When Kar caught up Mel, his arrival intersected with the path being taken by… something. She was standing in a pose which he had come to recognise as analytical, more suited to fieldwork or the laboratory. He had been prepared for this, the unworldliness, the possibility of a xenophobia so deep-rooted in the human psyche that she would disgrace both herself and her fellow men and women. But not him: that would be effectively impossible for one as grounded as himself.
But he was strong, dignified, proud and held open his palms in greeting. Mel waved him off. The creature - he corrected himself - the being, was emitting a sound somewhere between a drain’s fettered ambitions and a frog being palpated.
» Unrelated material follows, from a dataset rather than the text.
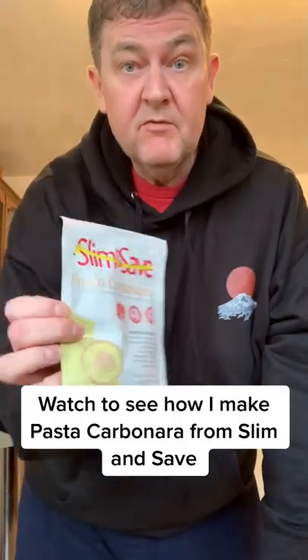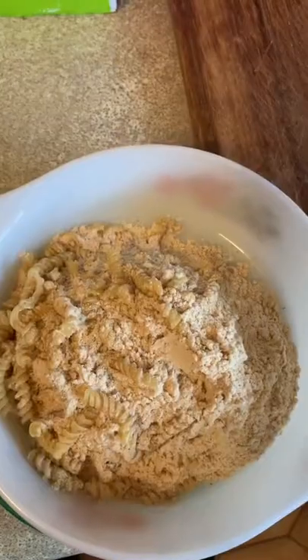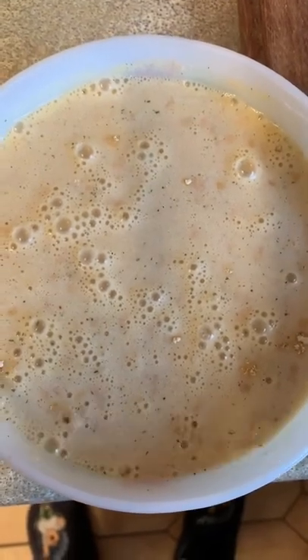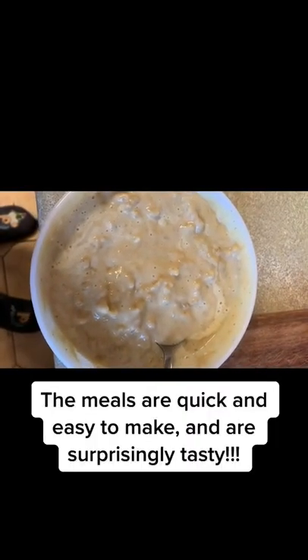Tonight, for my supper, I will be having pasta carbonara from Slim and Save. This is what it looks like when I put it in the bowl. I add cold water, mix it up and it's ready. And this is what it looks like when it's ready to eat.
It shuddered for a second, great ripples flowing over its purple skin, before squidging off down the corridor.
“Melissa? I confess the meaning of this is entirely opaque to me.”
“My first extraterrestrial”, she said with a touch of wistfulness. “And not one we’ve had data to study”, she added in a reproachful tone, “you shouldn’t have done that.”
By all legal rights she should have been called Athena, (and it pained him a little to say this). That the being had been looking at him was beyond dispute, eyes being one of the few things with which most sentient crea - beings - possessed. Eyes were single closest thing in nature to a standard interface, so to speak, even if they didn’t necessarily come in pairs. What went on in the organic, and occasionally electronic, minds of the Galaxy’s inhabitants was a problem of a different order entirely.
“How did our aspect present to it?”
“What did it think of us?”
“I think it was laughing at us.”
“Laughing? At the very joy of being in a centre of learning amongst its fellow intellects?”
She looked thoughtful.
“No, at us” she said, not giving any sign of having been offended.
“Is it our clothes?” he asked, pulling at his gold-inlaid collar in mystification.
“I have no idea why it would be. Sartorial elegance is very greatly dependent on the perceptions of the beholder. Even in human culture, clothing from one geographical region differs markedly from another. We could be naked for all the difference it would make to an alien. Well, to most of them.”
“A thought must have occurred to it by co-incidence, which gave it a measure of happiness.”
“I really don’t —”
Satisfied, he turned his thoughts to the present mission.
Somewhere in the Cultural Centre was the original information from the Detection. That sacred boundary between being alone and being part of the greater galactic community, had been endlessly speculated upon: when humans became one of the known species. Details, however, had remained a little fuzzy. Not redacted, exactly, just inaccessible: possibly another of those little tests that didn’t look like tests, but which had to be passed anyway. Despite efforts back home to work from existing data, no-one had been able to pinpoint the moment, and therefore what had been said, when it had been said and who had taken it upon themselves the responsibility for the world.
“So to summarise?” Karapophores said haughtily.
“Horses for courses.”
“Wait, what does that even mean?”
But again, she was already walking ahead of him.
After an epic - by human standards -voyage, waiting in an alien reception area gave even more time to think than the vast emptiness of even hyperspacial travel. Melissa offered the opinion that the station resembled a 21st Century shopping mall. It was rather more geared to living in three dimensions than two, with areas of reduced and even null gravity, than a shopping mall. Vast expanses of chrome plating made the bulk of the Centre’s interior, regardless of which of the spherical nodes they were in.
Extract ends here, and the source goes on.